Leave the pictures out, and transcribe the material below exactly from the line with "Generic Pistol 3D model" to the line with "LEGO 60035 instructions", both lines included.

[Opening Supplied entries section]

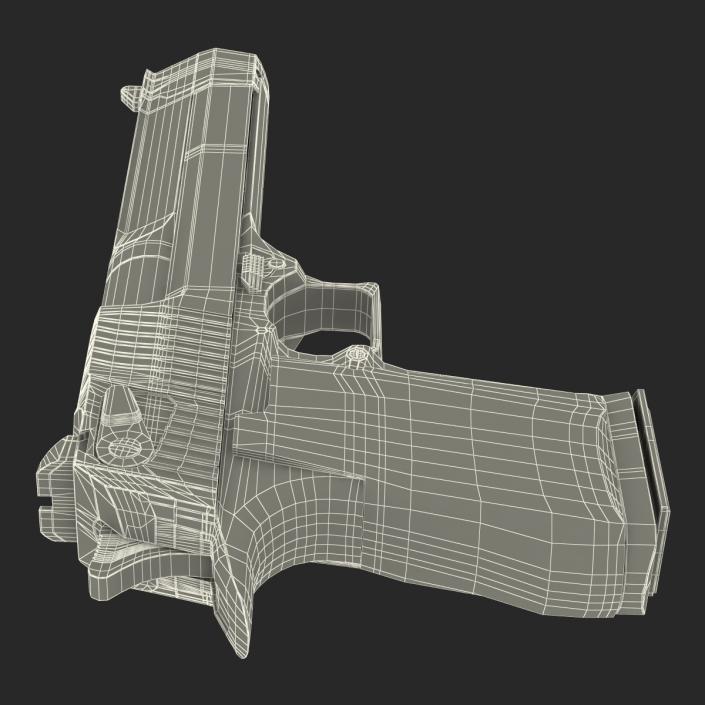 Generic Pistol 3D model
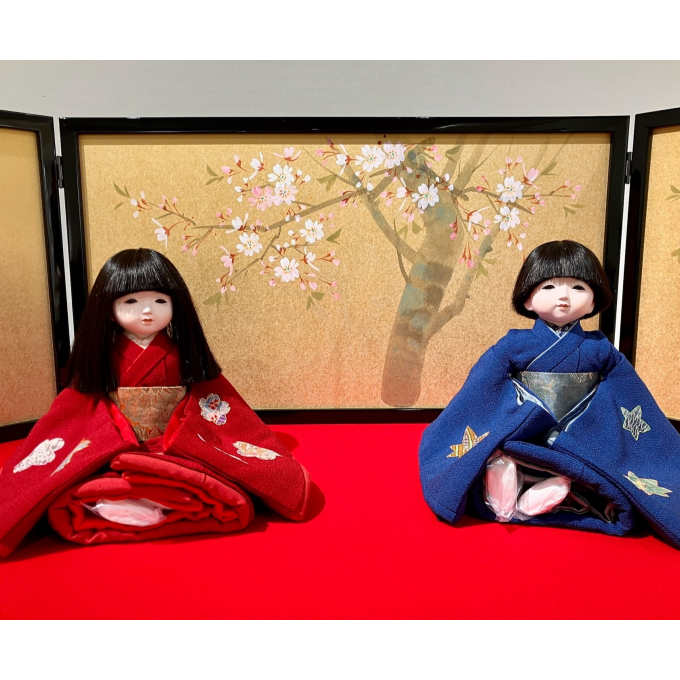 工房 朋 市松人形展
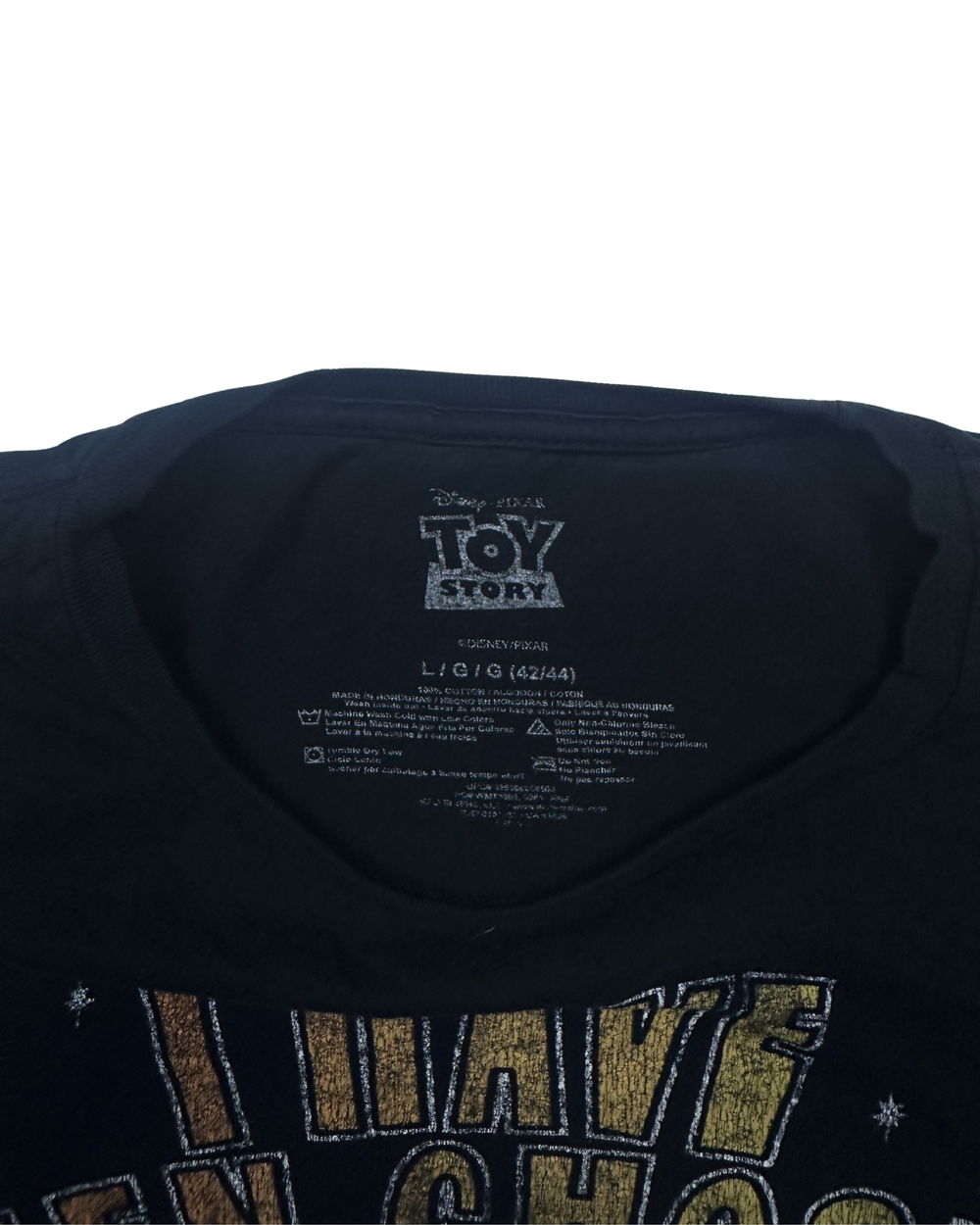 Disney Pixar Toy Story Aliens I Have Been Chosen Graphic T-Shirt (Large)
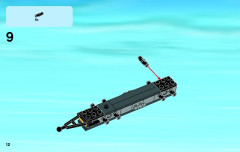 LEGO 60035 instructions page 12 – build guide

[Closing Supplied entries section]
[Opening Supplied entries section]

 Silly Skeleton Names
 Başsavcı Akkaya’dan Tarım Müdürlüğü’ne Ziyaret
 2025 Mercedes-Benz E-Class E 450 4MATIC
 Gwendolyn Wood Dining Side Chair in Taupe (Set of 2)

[Closing Supplied entries section]
[Opening Supplied entries section]

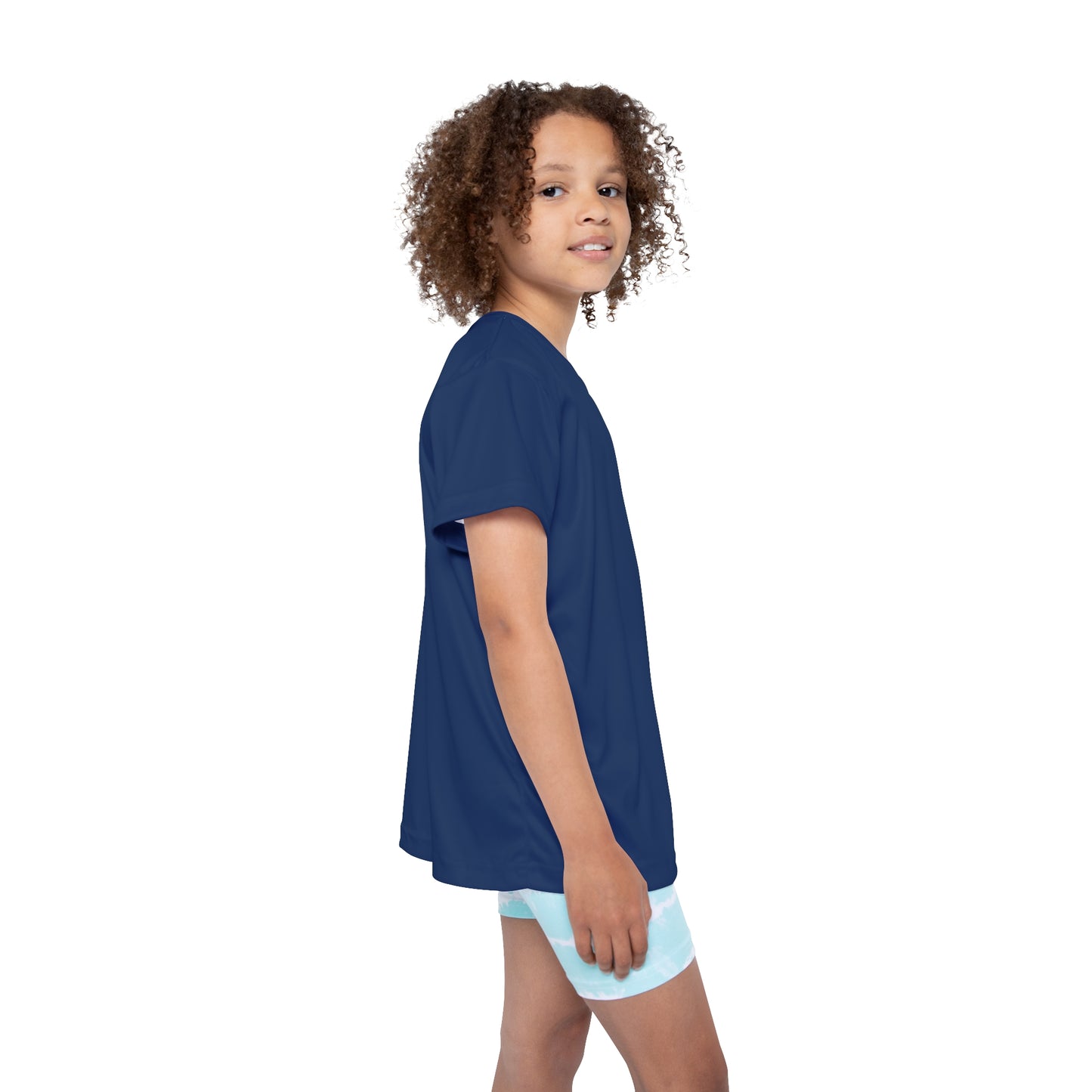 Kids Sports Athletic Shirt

[Closing Supplied entries section]

### Finished task
 Generic Pistol 3D model
 工房 朋 市松人形展
 Disney Pixar Toy Story Aliens I Have Been Chosen Graphic T-Shirt (Large)
 LEGO 60035 instructions page 12 – build guide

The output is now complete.